AVAILABLE DATA →
----------

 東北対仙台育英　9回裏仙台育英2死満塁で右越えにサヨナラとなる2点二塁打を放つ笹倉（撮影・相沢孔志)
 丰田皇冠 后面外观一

----------

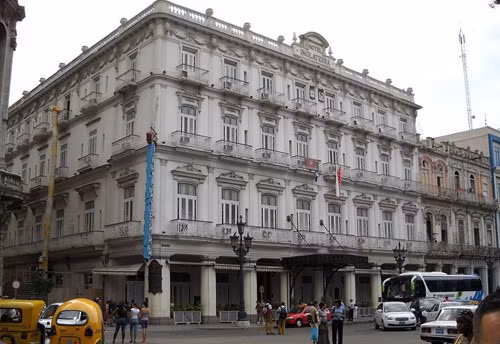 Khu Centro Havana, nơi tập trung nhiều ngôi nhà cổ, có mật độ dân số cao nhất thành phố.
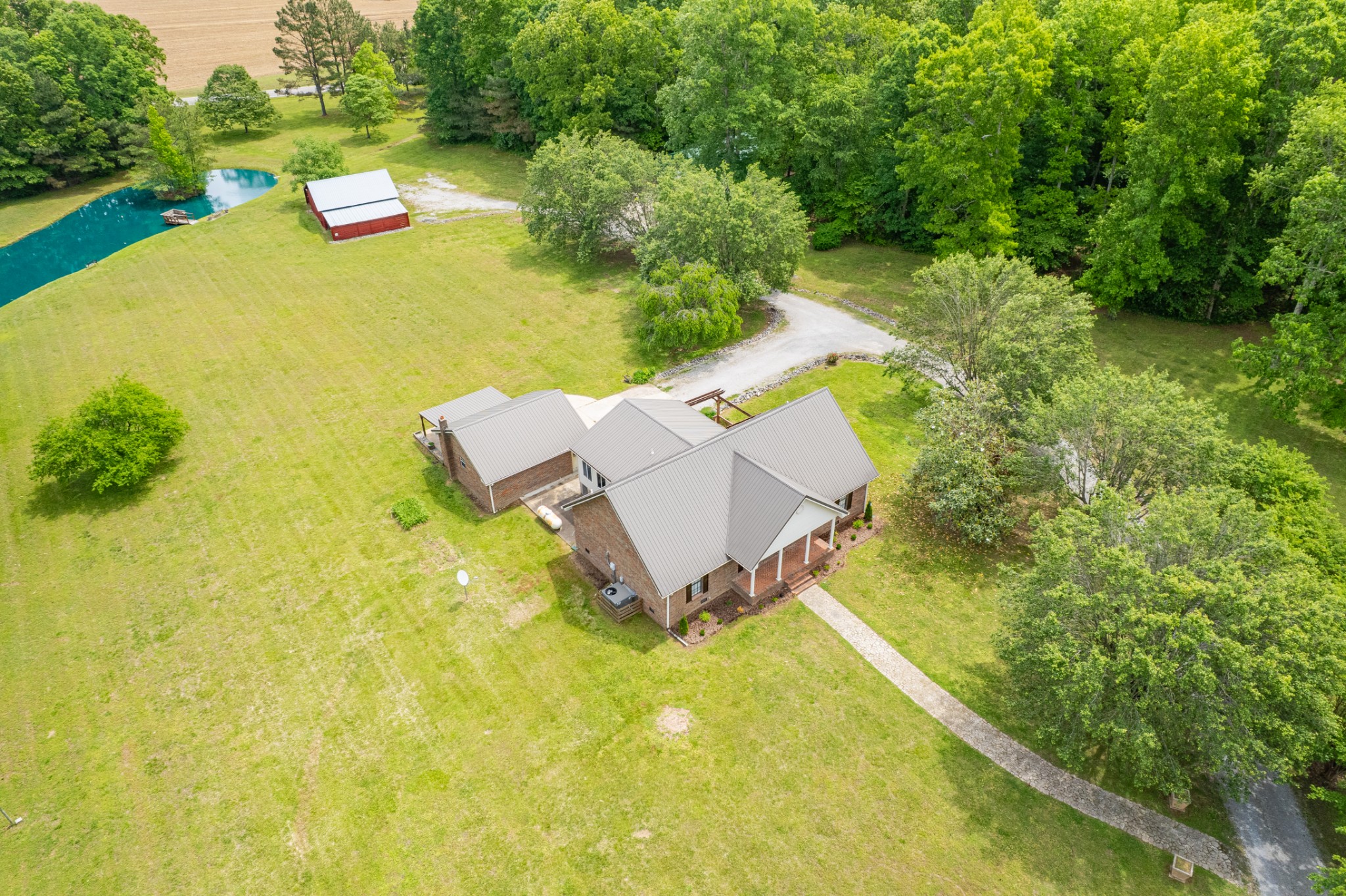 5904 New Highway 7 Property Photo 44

----------

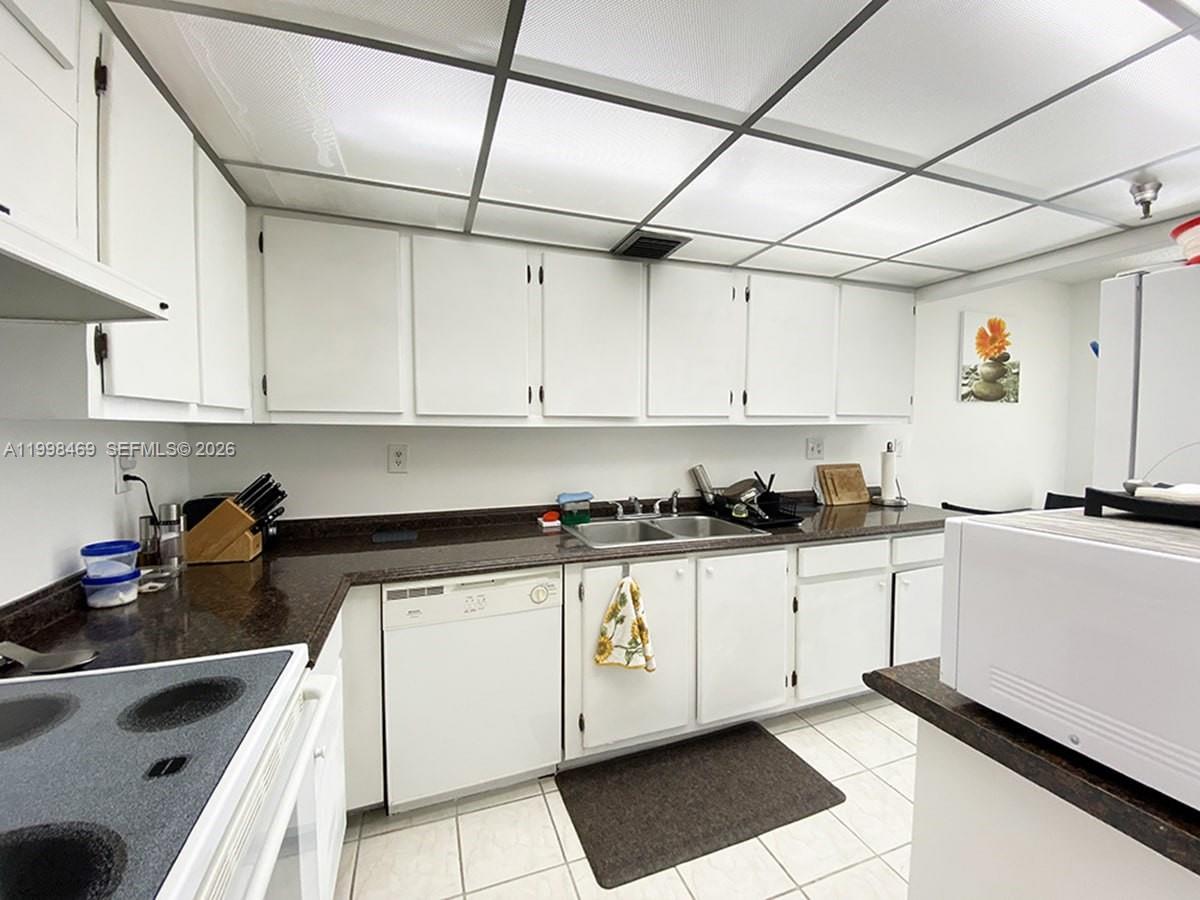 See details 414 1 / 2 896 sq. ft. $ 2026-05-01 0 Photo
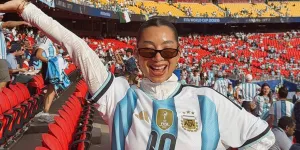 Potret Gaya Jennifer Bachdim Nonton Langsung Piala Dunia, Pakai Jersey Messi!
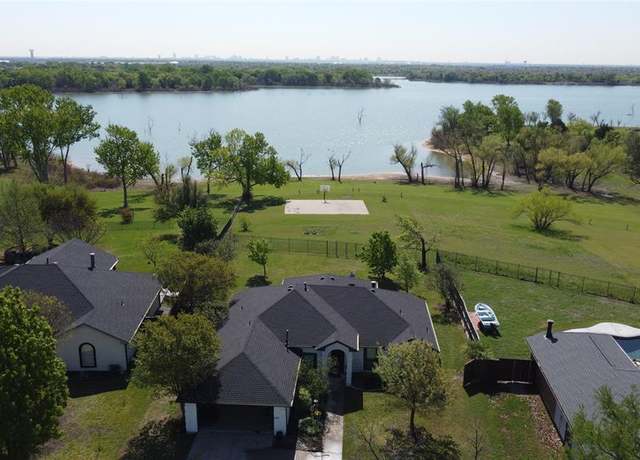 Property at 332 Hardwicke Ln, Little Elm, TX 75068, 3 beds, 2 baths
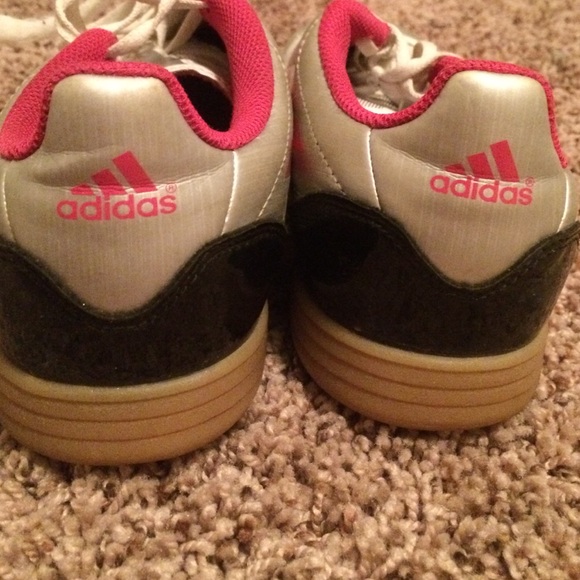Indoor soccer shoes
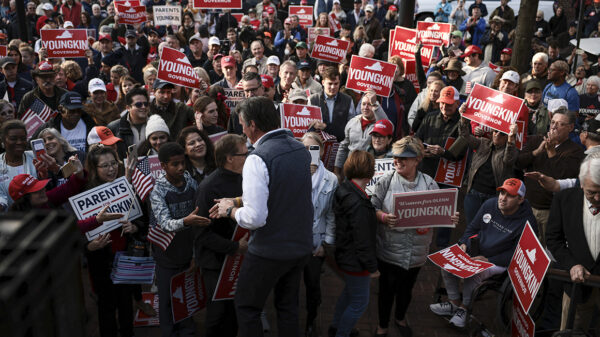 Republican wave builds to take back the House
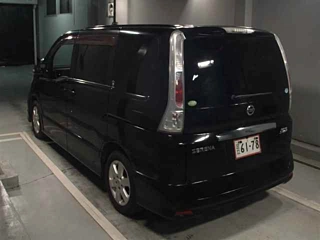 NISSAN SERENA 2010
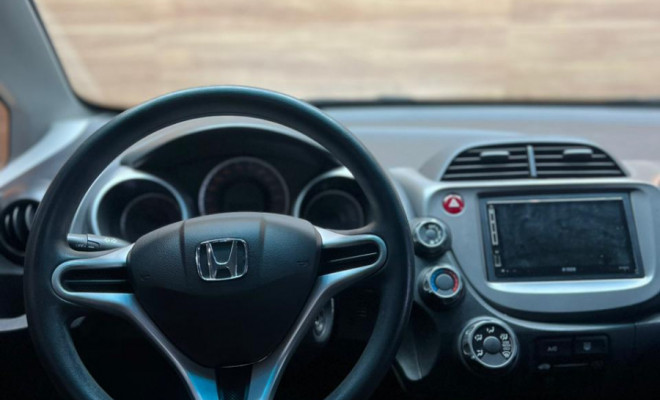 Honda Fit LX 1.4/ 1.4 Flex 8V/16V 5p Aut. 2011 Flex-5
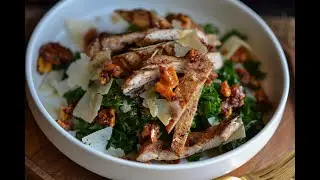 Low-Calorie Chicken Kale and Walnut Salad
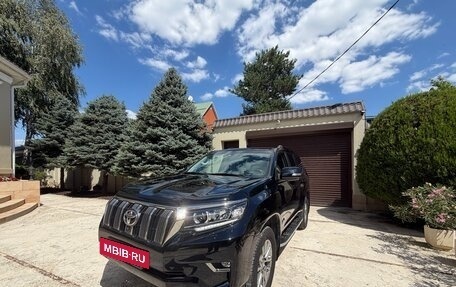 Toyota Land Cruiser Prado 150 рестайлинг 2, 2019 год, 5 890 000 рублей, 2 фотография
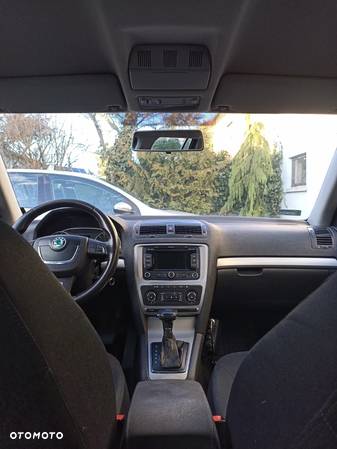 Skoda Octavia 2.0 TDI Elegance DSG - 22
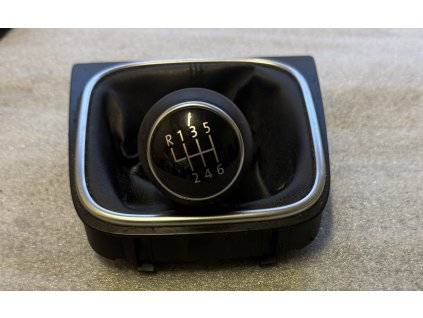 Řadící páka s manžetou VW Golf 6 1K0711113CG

----------

TASK BRIEF →
Give back the exact lines above, running from the one that has "Low-Calorie Chicken Kale and Walnut Salad" through the one that has "Řadící páka s manžetou VW Golf 6 1K0711113CG", with nothing added and no pictures.

SOLUTION →
 Low-Calorie Chicken Kale and Walnut Salad
 Toyota Land Cruiser Prado 150 рестайлинг 2, 2019 год, 5 890 000 рублей, 2 фотография
 Skoda Octavia 2.0 TDI Elegance DSG - 22
 Řadící páka s manžetou VW Golf 6 1K0711113CG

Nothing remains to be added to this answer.